Dove finiscono le uova in gabbia
Nel numero di settembre 2024 abbiamo analizzato 10 tagliatelle all’uovo e confrontato le dichiarazioni in etichetta. Fresche e italiane ma non è dato sapere da quale tipo di allevamento provengono le uova usate per fare la pasta. Succede sulle confezioni delle Fettuccine all’uovo Luciana Mosconi e Antica ricetta tagliatelle La pasta di Camerino. Non che sia obbligatorio per i produttori menzionare se si tratta di uova da galline costrette in gabbia o allevate a terra. Tuttavia sulle etichette degli altri otto prodotti analizzati viene specificato che le uova provengono da “galline allevate a terra” . Un’informazione che non troviamo sulle due paste marchigiane che pure brillano per l’uso del maggior numero di uova tra i marchi coinvolti nelle nostre analisi. Va anche detto che le due aziende hanno altre linee di prodotto dove dichiarano il tipo di allevamento, come quello a terra.

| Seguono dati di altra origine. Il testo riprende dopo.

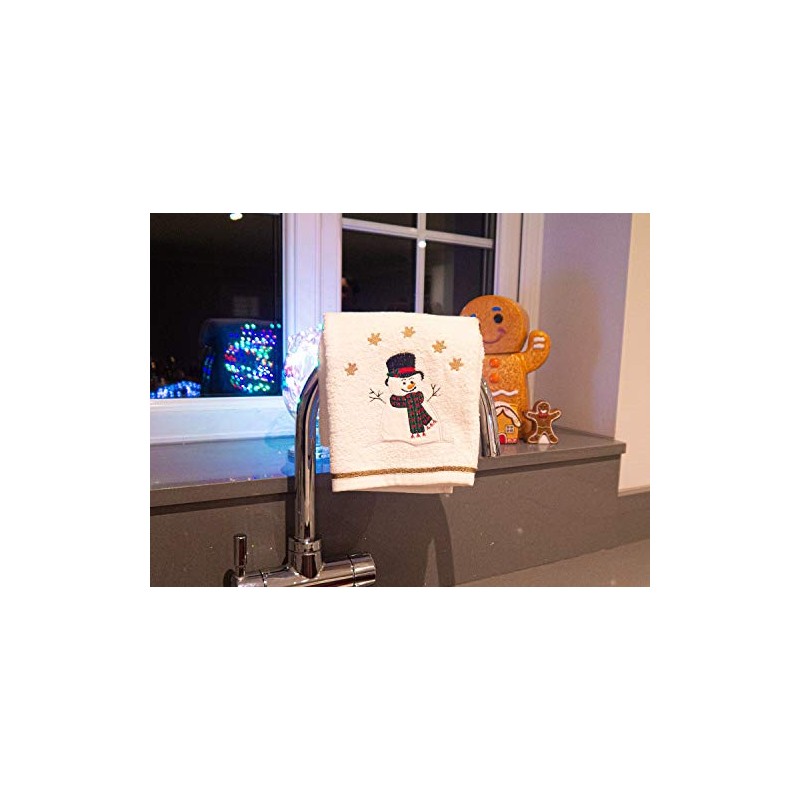 Lex's Linens Snowman Embroidered Christmas Hand/Kitchen Towel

Del resto l’allevamento in gabbia è una metodologia zootecnica ancora diffusa in Italia e in Europa. Chiara Caprio, è la responsabile Relazioni istituzionali di Essere Animali: “L’Europa è il continente con più uova provenienti da allevamenti non in gabbia – ormai siamo a oltre il 60% complessivamente, con alcuni paesi più avanti di altri – ma c’è ancora della strada da fare, perché di fatto in alcuni settori i progressi sono ancora troppo lenti, anche in Italia”.

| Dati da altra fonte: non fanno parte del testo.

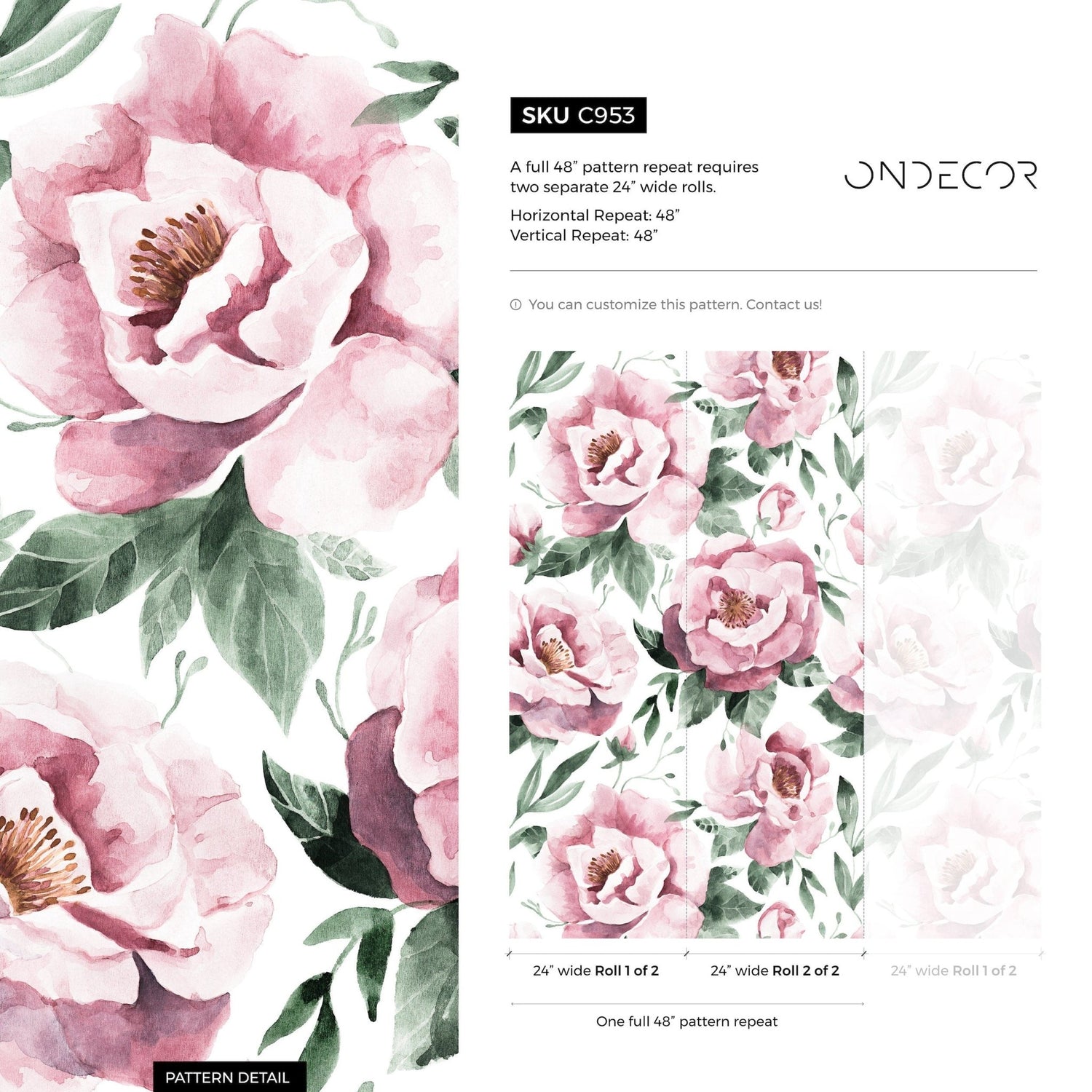 Blushing Peonies Wallpaper - C953 - WallTrend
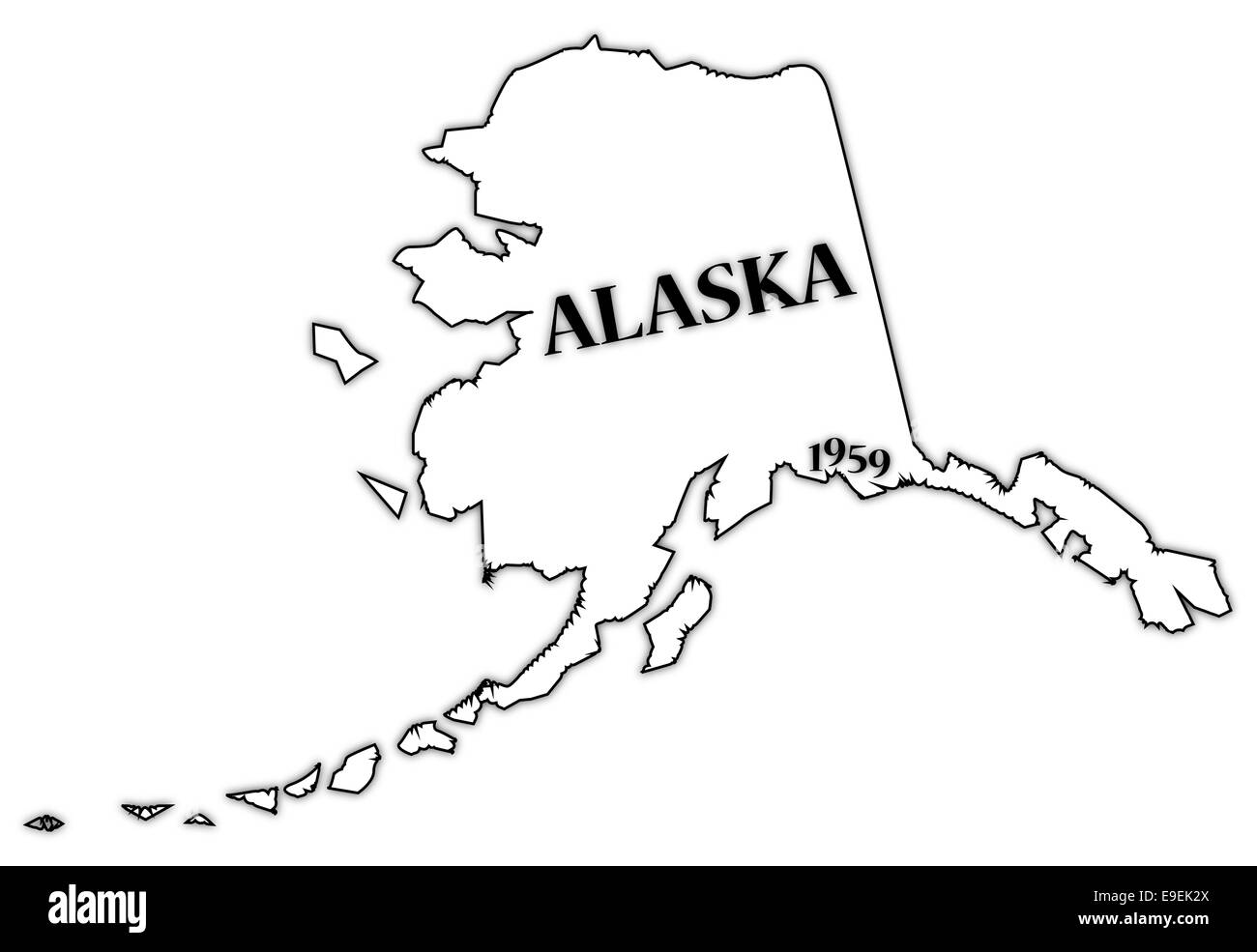Ein Umriss des Bundesstaates Alaska mit dem Datum der Eigenstaatlichkeit isoliert auf weißem Hintergrund Stockfoto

Dove finiscono le uova prodotte dalle ovaiole in gabbia? Nel settembre del 2023 il Centro consumatori tedesco della Renania Settentrionale-Vestfalia ha analizzato una lunga serie di prodotti e si è accorta che in alcuni casi particolarmente non veniva menzionato, seppur non obbligatorio, il metodo di allevamento: in circa il 50% di torte e pasticcini, nell’80% delle insalate russe di marca e nel 60% di maionesi e altre salse. Un altro settore dove l’utilizzo delle uova in gabbia è molto diffuso è quello della ristorazione collettiva come ha messo in evidenza l’ultimo report EggTrack di Compassion in world farming.